Recorded data:
※ ※ ※
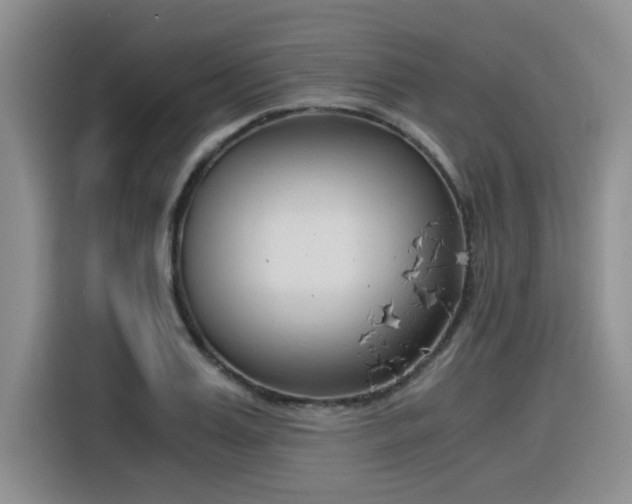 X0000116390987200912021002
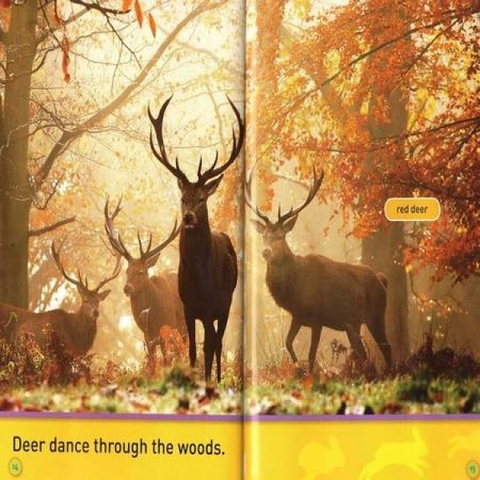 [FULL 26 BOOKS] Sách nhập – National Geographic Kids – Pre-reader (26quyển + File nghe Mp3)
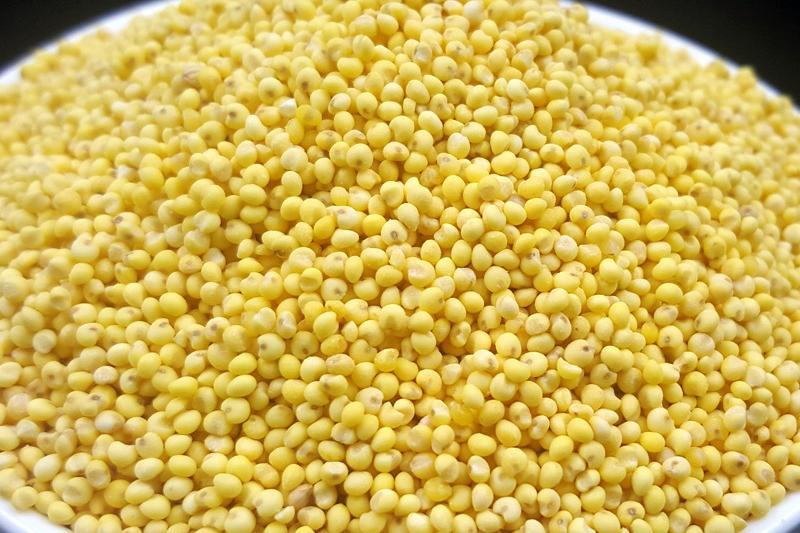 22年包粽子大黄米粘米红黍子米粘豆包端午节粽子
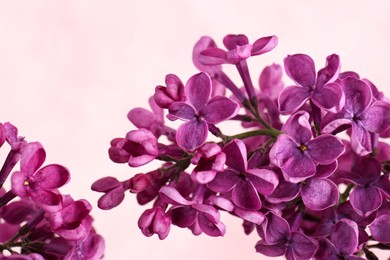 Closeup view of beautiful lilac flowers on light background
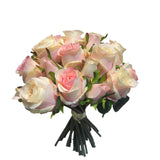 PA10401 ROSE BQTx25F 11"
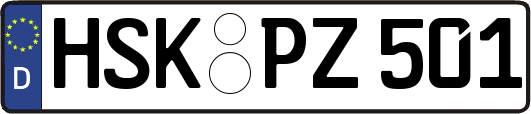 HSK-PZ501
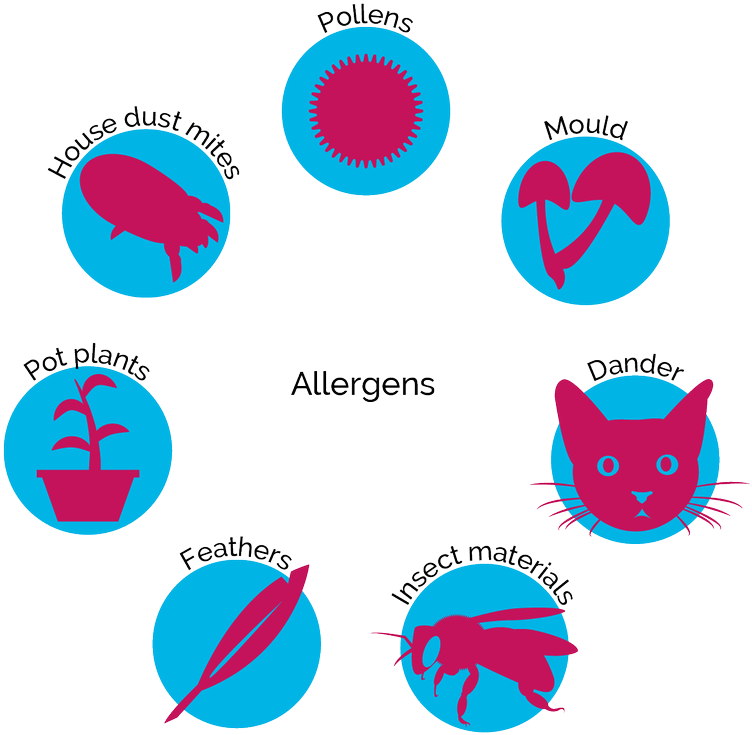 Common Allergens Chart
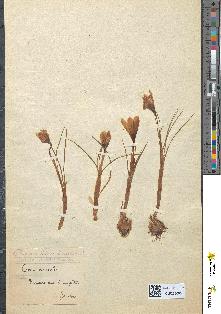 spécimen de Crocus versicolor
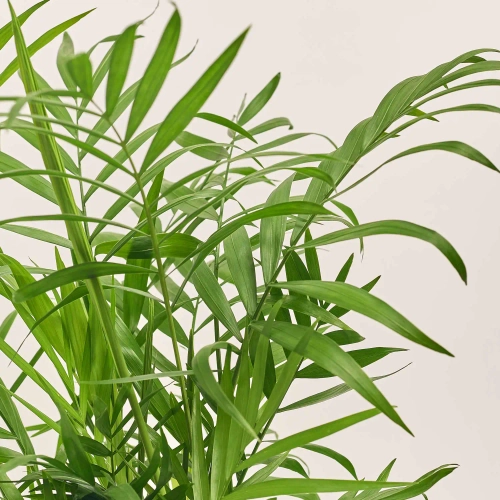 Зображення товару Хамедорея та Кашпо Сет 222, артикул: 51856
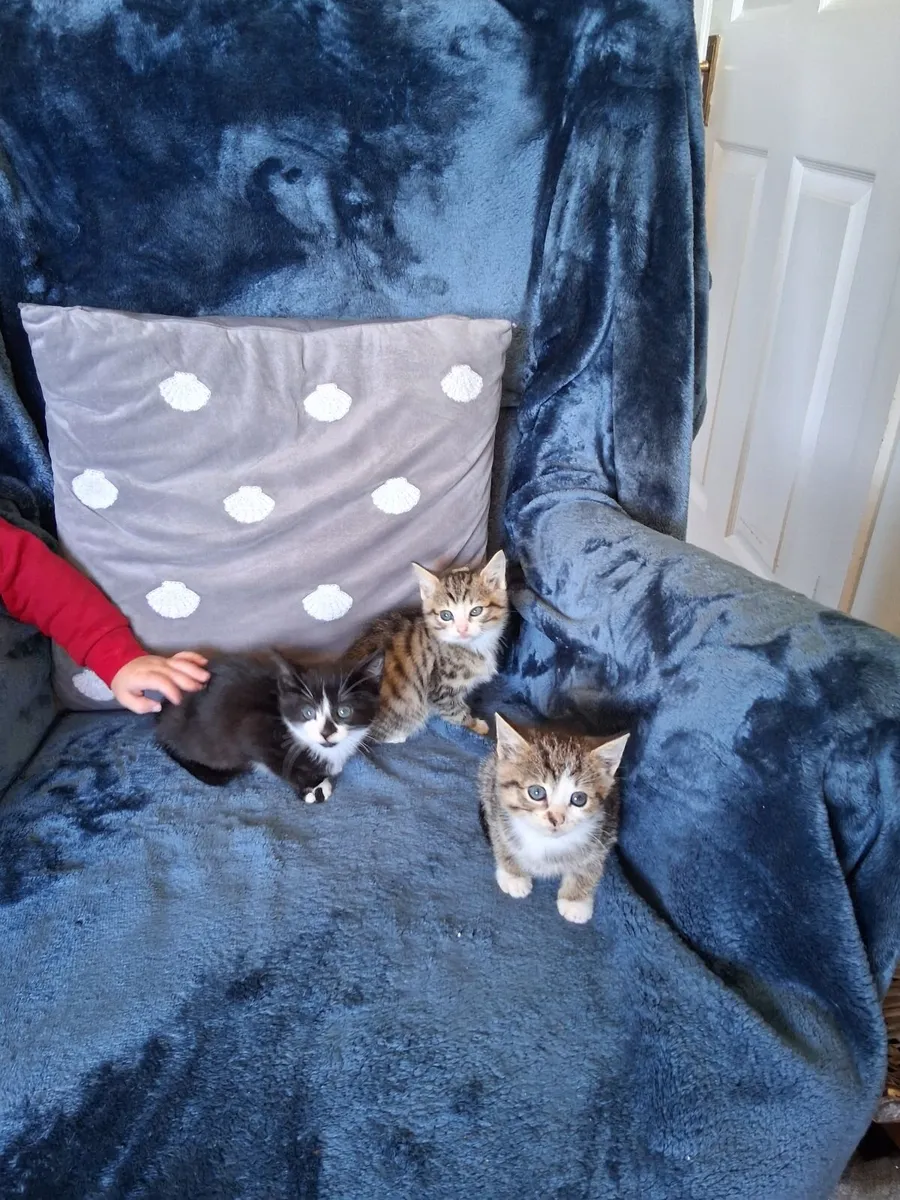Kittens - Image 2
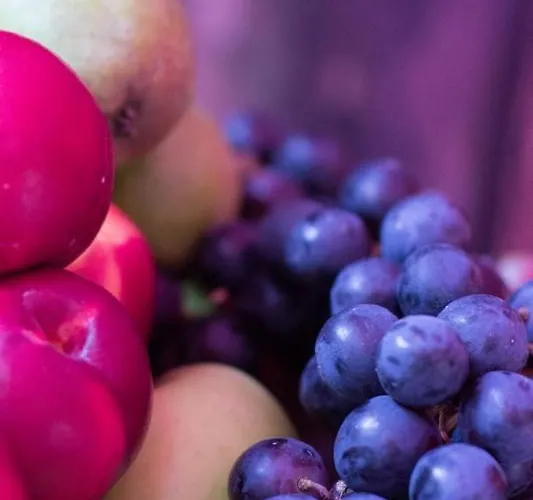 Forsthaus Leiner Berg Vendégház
※ ※ ※
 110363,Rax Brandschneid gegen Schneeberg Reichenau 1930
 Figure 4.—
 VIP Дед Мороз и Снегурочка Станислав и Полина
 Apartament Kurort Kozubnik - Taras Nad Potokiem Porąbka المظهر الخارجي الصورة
※ ※ ※
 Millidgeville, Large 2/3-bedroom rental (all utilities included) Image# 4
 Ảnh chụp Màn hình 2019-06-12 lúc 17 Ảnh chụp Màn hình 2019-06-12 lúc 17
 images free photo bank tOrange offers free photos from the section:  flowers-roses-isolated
※ ※ ※
Task instructions:
Once the line with "X0000116390987200912021002" is found in the data above, reproduce it and each line after it exactly, through the line with "Forsthaus Leiner Berg Vendégház". Omit the pictures.

Response below:
 X0000116390987200912021002
 [FULL 26 BOOKS] Sách nhập – National Geographic Kids – Pre-reader (26quyển + File nghe Mp3)
 22年包粽子大黄米粘米红黍子米粘豆包端午节粽子
 Closeup view of beautiful lilac flowers on light background
 PA10401 ROSE BQTx25F 11"
 HSK-PZ501
 Common Allergens Chart
 spécimen de Crocus versicolor
 Зображення товару Хамедорея та Кашпо Сет 222, артикул: 51856
Kittens - Image 2
 Forsthaus Leiner Berg Vendégház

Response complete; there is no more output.